Reproduce all the data verbatim.

(Items from a data source)
● ● ● ●
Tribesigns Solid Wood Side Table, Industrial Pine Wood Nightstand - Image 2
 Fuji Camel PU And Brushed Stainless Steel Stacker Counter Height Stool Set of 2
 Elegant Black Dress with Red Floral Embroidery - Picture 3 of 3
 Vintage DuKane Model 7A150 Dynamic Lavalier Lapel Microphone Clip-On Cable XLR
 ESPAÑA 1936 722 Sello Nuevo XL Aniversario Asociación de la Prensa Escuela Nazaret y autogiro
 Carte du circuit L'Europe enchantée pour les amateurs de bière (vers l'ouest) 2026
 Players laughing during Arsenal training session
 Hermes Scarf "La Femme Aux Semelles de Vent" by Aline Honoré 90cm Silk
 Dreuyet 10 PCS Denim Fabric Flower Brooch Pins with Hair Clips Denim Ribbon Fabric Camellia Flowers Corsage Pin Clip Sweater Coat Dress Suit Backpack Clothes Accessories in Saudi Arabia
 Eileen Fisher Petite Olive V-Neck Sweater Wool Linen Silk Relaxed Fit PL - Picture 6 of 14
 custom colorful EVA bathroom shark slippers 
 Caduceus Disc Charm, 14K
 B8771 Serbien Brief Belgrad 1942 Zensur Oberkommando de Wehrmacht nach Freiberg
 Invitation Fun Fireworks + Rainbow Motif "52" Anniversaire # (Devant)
● ● ● ●
TASK SOLUTION:
Tribesigns Solid Wood Side Table, Industrial Pine Wood Nightstand - Image 2
 Fuji Camel PU And Brushed Stainless Steel Stacker Counter Height Stool Set of 2
 Elegant Black Dress with Red Floral Embroidery - Picture 3 of 3
 Vintage DuKane Model 7A150 Dynamic Lavalier Lapel Microphone Clip-On Cable XLR
 ESPAÑA 1936 722 Sello Nuevo XL Aniversario Asociación de la Prensa Escuela Nazaret y autogiro
 Carte du circuit L'Europe enchantée pour les amateurs de bière (vers l'ouest) 2026
 Players laughing during Arsenal training session
 Hermes Scarf "La Femme Aux Semelles de Vent" by Aline Honoré 90cm Silk
 Dreuyet 10 PCS Denim Fabric Flower Brooch Pins with Hair Clips Denim Ribbon Fabric Camellia Flowers Corsage Pin Clip Sweater Coat Dress Suit Backpack Clothes Accessories in Saudi Arabia
 Eileen Fisher Petite Olive V-Neck Sweater Wool Linen Silk Relaxed Fit PL - Picture 6 of 14
 custom colorful EVA bathroom shark slippers 
 Caduceus Disc Charm, 14K
 B8771 Serbien Brief Belgrad 1942 Zensur Oberkommando de Wehrmacht nach Freiberg
 Invitation Fun Fireworks + Rainbow Motif "52" Anniversaire # (Devant)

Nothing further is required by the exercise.